# Building pictures



## Ruby (May 10, 2002)

We went and picked up my quilting table today. I've had the machine head since last year. Then left part of it, so have to go back and get the rest of it. Still can't get it all set up until my DIL comes over and lays my tile.

Here is a couple pictures.









The steps I built. I actually measured and cut out all the board by my self. They are made from used lumber that my SIL gave me.









Shelves with the tiles waiting to be laid.


















The latest slip covers I made.


----------



## Ruby (May 10, 2002)

I will probably be going tomorrow and pick up two more windows to put in each end.


----------



## hmsteader71 (Mar 16, 2006)

I am really impressed. I wish I knew how to cut wood and build things. There's a lot that needs done around here.


----------



## PonderosaQ (Jan 12, 2004)

Wow, a gorgeous sewing building. I'd say congratulations but the drool is dripping out of my mouth, LOL! Your steps look great.. Do enjoy and send progress pictures too.


----------



## Ruby (May 10, 2002)

Thanks I will send updates. I'm just so excited and can't wait to get it fixed up. We have some paneling that was left over from another project. I don't like paneling but it's something we already have and money is tight. There isn't enough for all of it but maybe at least a couple walls.

The tiles are also free. My DIL works laying comercial tiles. This is some that was left over from various jobs so the colors arn't the same. I have 3 boxes of white, 1 box of grey and 1 box of black. But I still need 15 tiles having enough to cover the floor. Right now it's just painted plywood.

I found some windows for 25.00 each. Oh and when I picked up the table today the lady gave me a HUGE roll of batting.


----------



## Country Lady (Oct 2, 2003)

Thanks for sharing your pictures. This is a dream all of us have. You're one lucky girl! You did a good job with the steps too. I look forward to seeing update pictures as you make progress fixing it up.


----------



## Tinker (Apr 5, 2004)

Ruby, it is looking great--wonderful job on the steps. Bet you can't wait to get it all set up so you can use it, but it is wonderful you are recycling your tile & paneling. Hope it all comes together for you soon, and keep us posted with pics & updates.


----------



## Dandish (Feb 8, 2007)

That is so awesome. Great job on the steps too.

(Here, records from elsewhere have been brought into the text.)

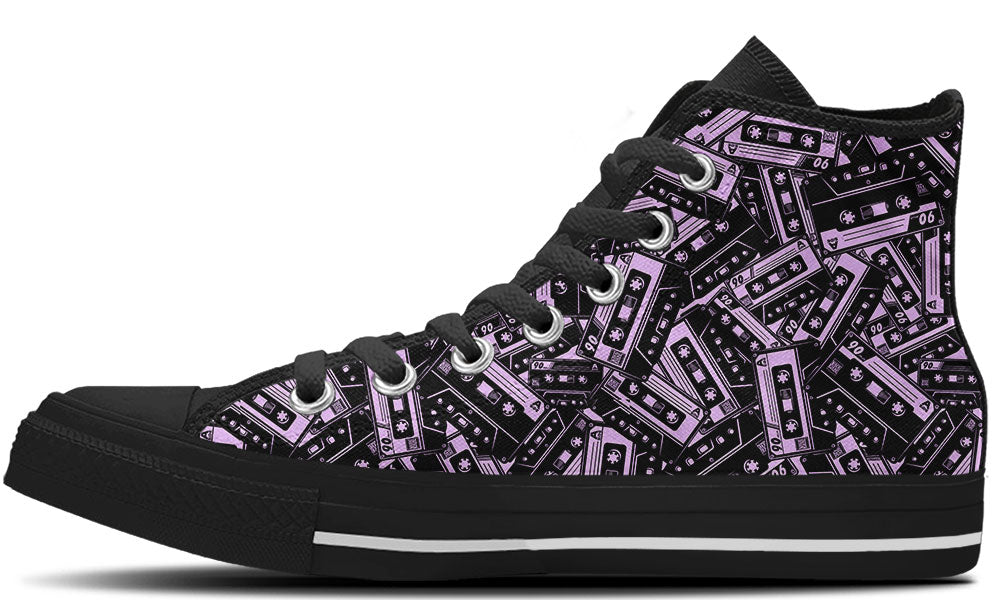 High Top sneaker in black sole with a side view featuring a repeating seamless pattern of purple and black retro cassette tapes.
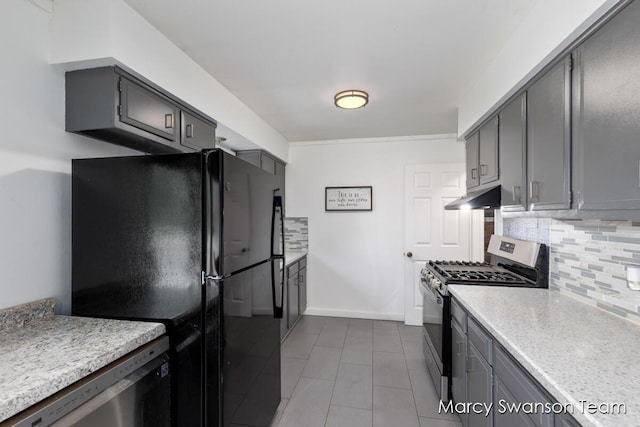 4172 Ranchero Dr, Dorr, MI 49323 - kitchen featuring appliances with stainless steel finishes, backsplash, under cabinet range hood, dark tile patterned flooring, and gray cabinetry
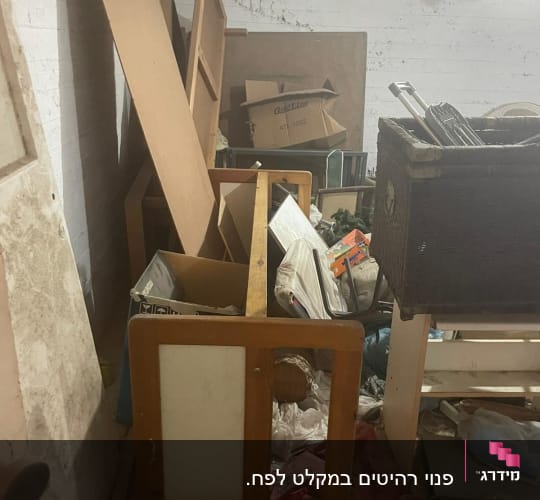 חדר עמוס בחפצים, קרטונים ורהיטים ישנים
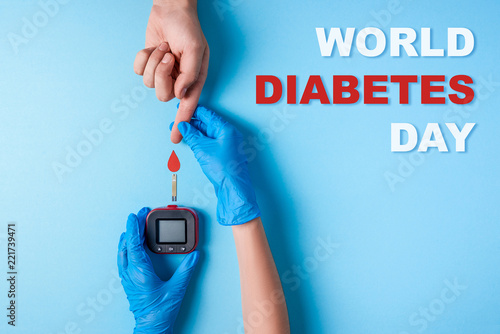 inscription world diabetes day, Nurse making a blood test. Man's hand with red blood drop and Glucose meter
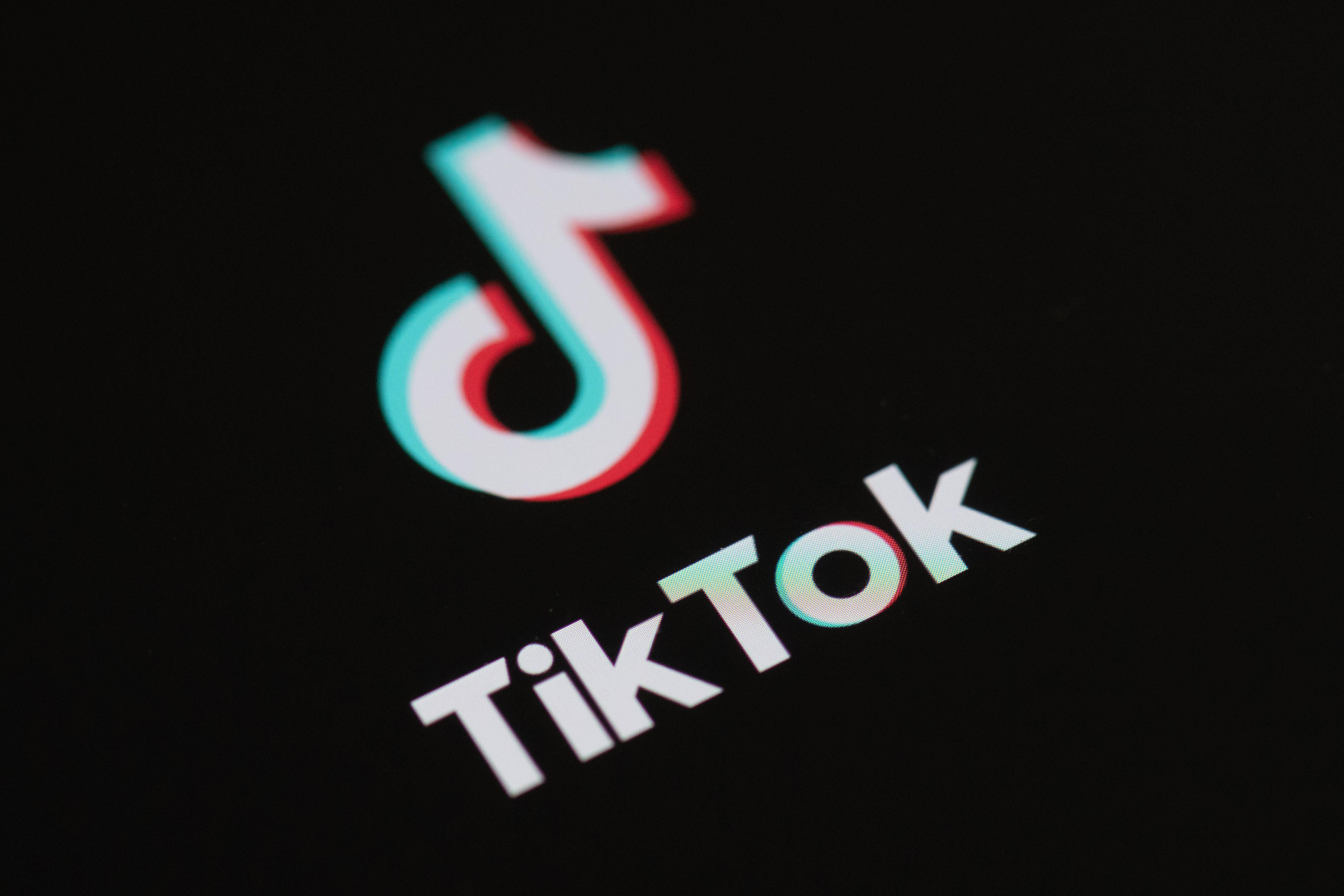 The TikTok logo on a black phone screen.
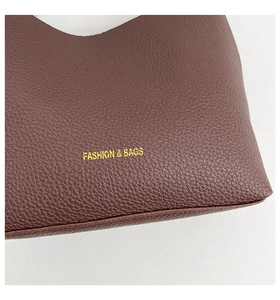 Detail view of the soft lychee grain leather texture and gold embossed lettering on the tote bag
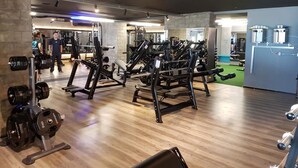 Een sportschool met diverse fitnessapparaten, waaronder loopbanden, krachtapparaten en losse gewichten.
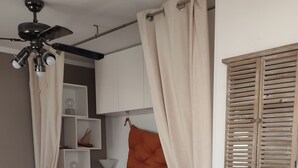 A cozy bedroom with a bed, a ceiling fan, a window with shutters, and a small white table. - STUDIO WITH SEA VIEW TERRACE FACING THE BEACH (Le Barcarès)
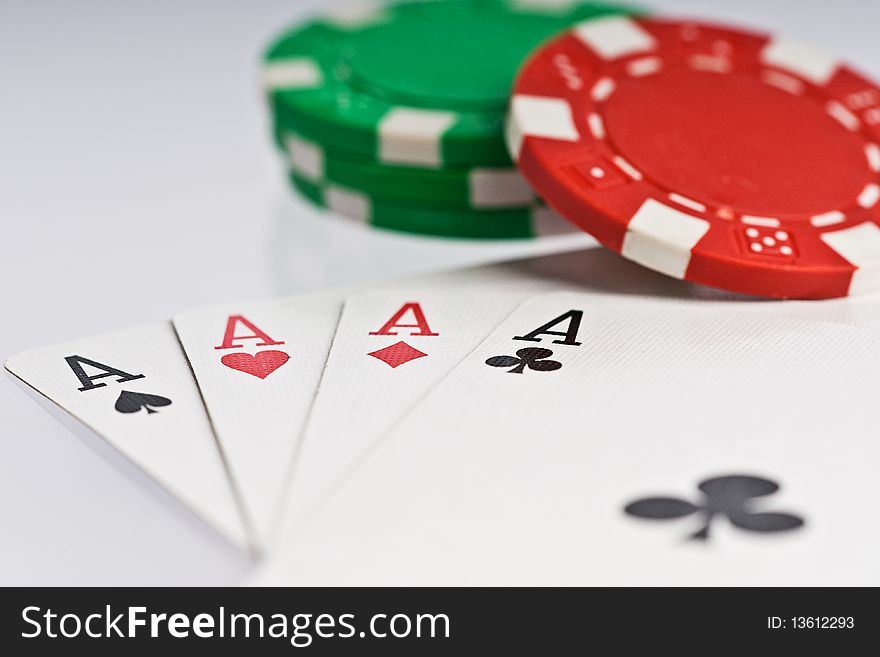 Poker cards, four aces with green and red chips. Poker cards, four aces with green and red chips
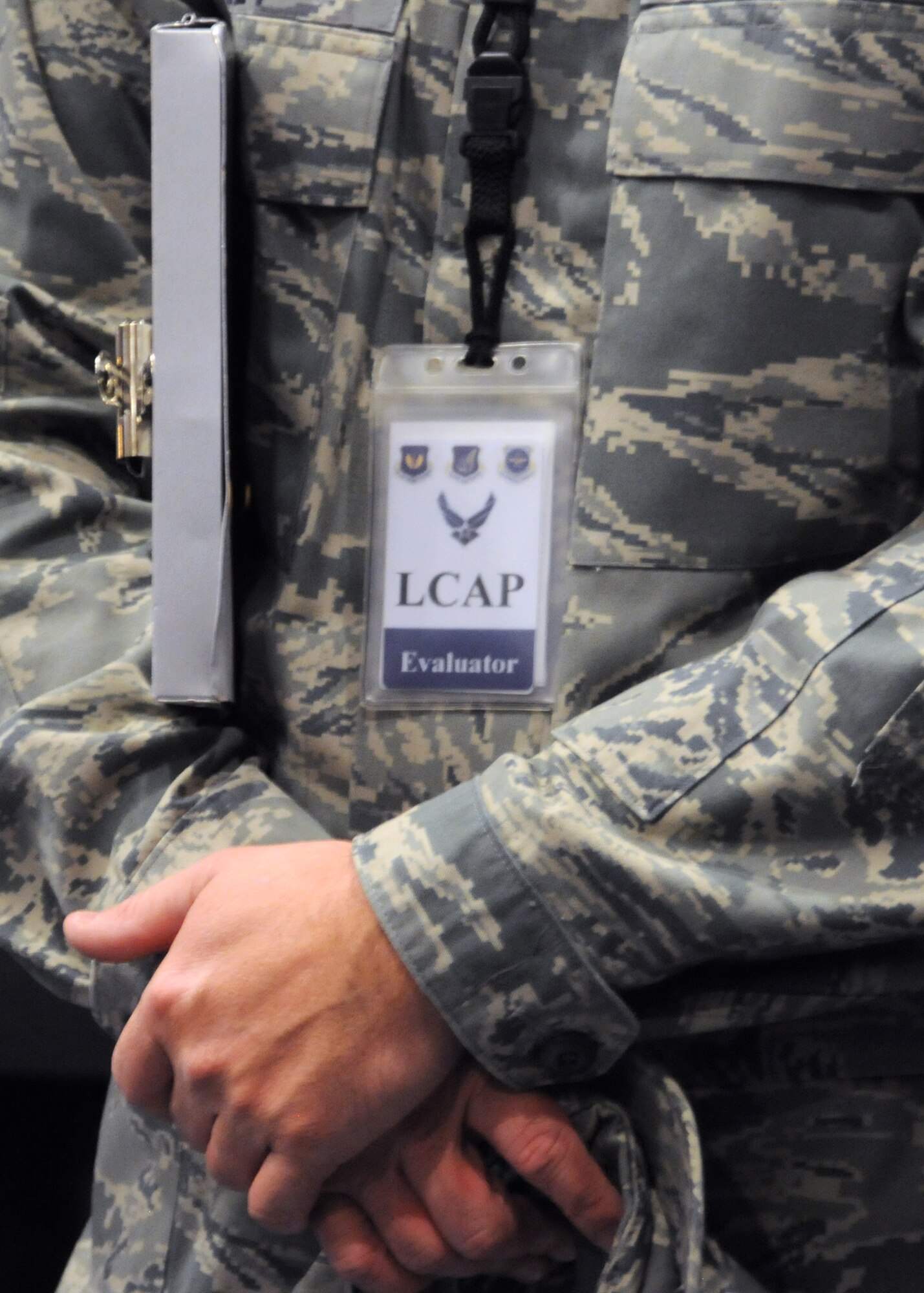 RAF MILDENHALL, England – A Logistics Compliance Assessment Program inspector stands following the Team Mildenhall LCAP inspection in-brief Aug. 13, 2012, in the RAF Mildenhall base theater. The Air Mobility Command inspection ensures Team Mildenhall is following regulations, Air Force instructions, policies and procedures correctly. (U.S. Air Force photo/Tech. Sgt. Neal X. Joiner)
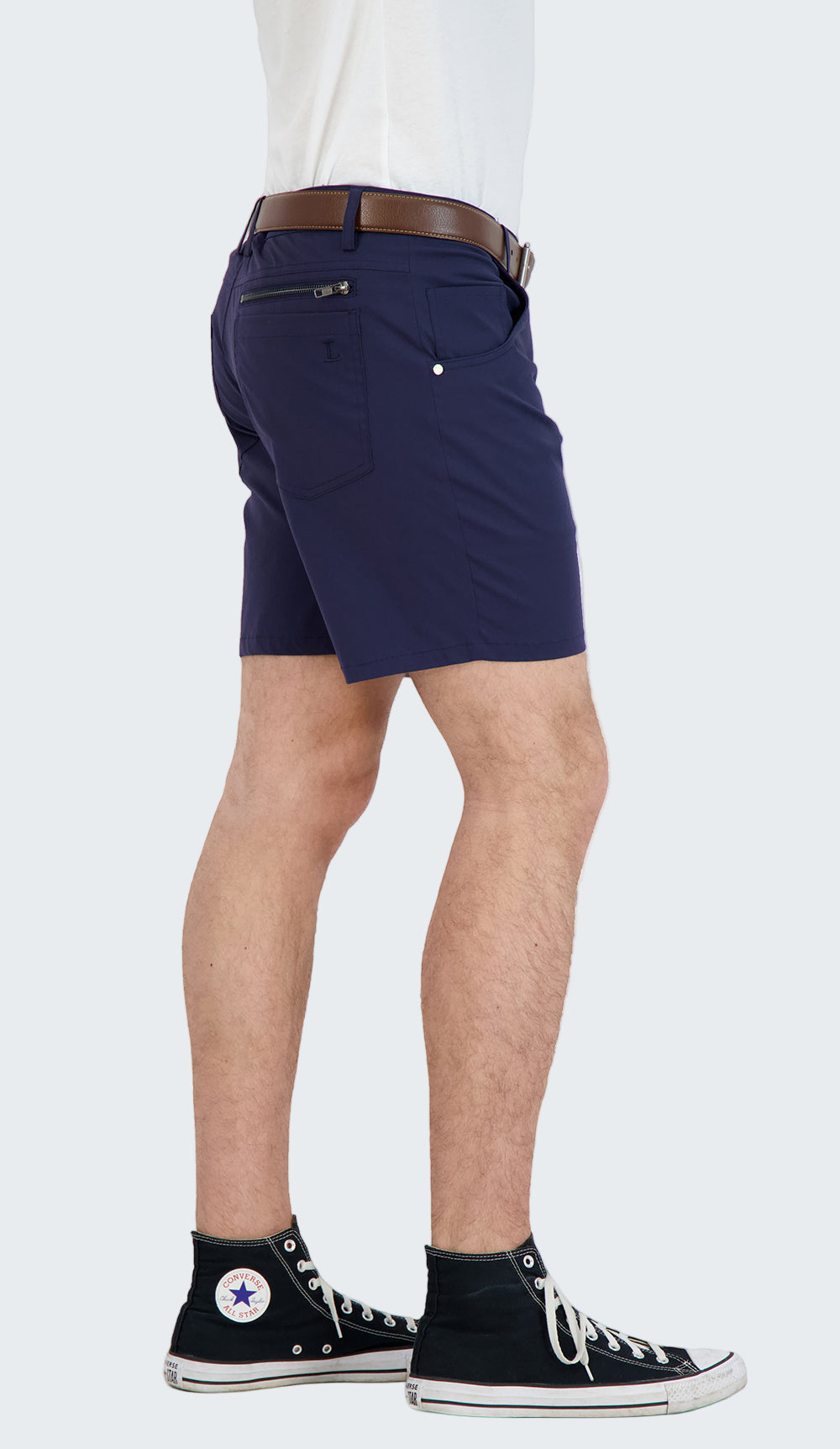 Person wearing navy shorts with a white background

Use those different colored tiles creative, I know you can! Design a "floor quilt" -


----------



## Chixarecute (Nov 19, 2004)

You could cut the paneling down, use it like wainscoting and paint it, (put drywall on underneath.) Then a piece of painted trim for a chair rail at the top of the paneling.


----------



## Ruby (May 10, 2002)

Chixarecute said:


> You could cut the paneling down, use it like wainscoting and paint it, (put drywall on underneath.) Then a piece of painted trim for a chair rail at the top of the paneling.


That's a thought, I think I would have enough if I did it that way.


----------



## CJ (May 10, 2002)

I'm in love with your slipcovers, those are so ME!


----------



## Ruby (May 10, 2002)

Thanks CJ, they were for a couple customers.


----------



## cc (Jun 4, 2006)

Ruby you are moving along so nicely on your building, I've had mine for awhile now but since DH is sick I don't get to do much work on it and don't have anyone to help me out so it will just have to wait.


----------



## Ruby (May 10, 2002)

cc, the building came with the shelves and insulation already in it. All I've done so far is make the steps.


----------